DATA BELOW START
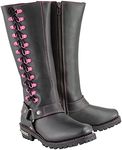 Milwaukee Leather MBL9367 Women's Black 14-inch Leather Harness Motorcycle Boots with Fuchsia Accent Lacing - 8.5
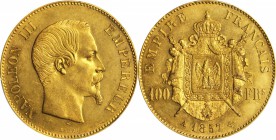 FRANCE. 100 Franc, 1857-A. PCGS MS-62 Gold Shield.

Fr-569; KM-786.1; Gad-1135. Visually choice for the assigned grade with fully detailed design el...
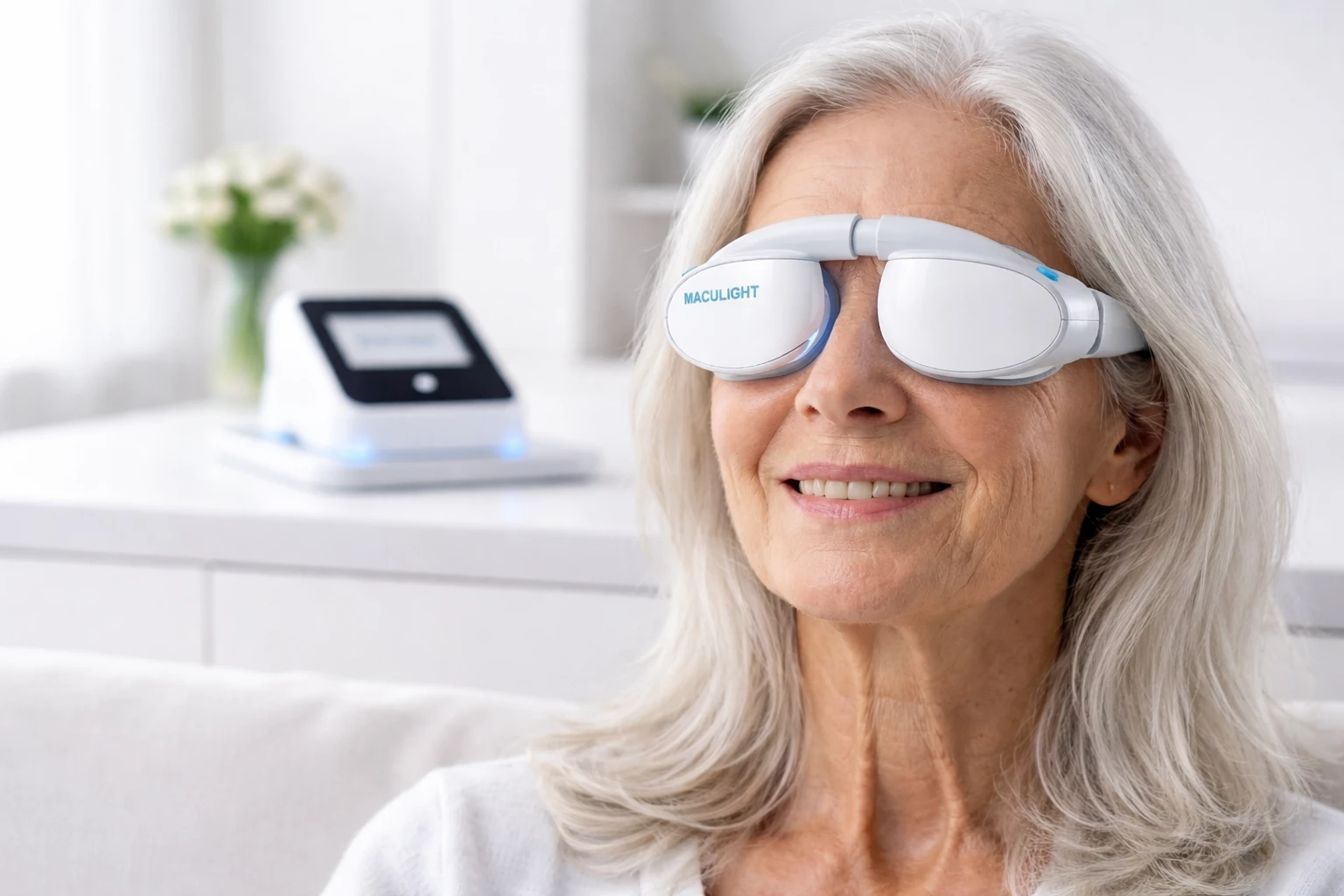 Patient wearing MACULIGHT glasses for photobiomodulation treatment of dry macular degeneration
DATA BELOW END
Pictures stay out; the data above is to be returned exactly.

RESULT:
 Milwaukee Leather MBL9367 Women's Black 14-inch Leather Harness Motorcycle Boots with Fuchsia Accent Lacing - 8.5
 FRANCE. 100 Franc, 1857-A. PCGS MS-62 Gold Shield.

Fr-569; KM-786.1; Gad-1135. Visually choice for the assigned grade with fully detailed design el...
 Patient wearing MACULIGHT glasses for photobiomodulation treatment of dry macular degeneration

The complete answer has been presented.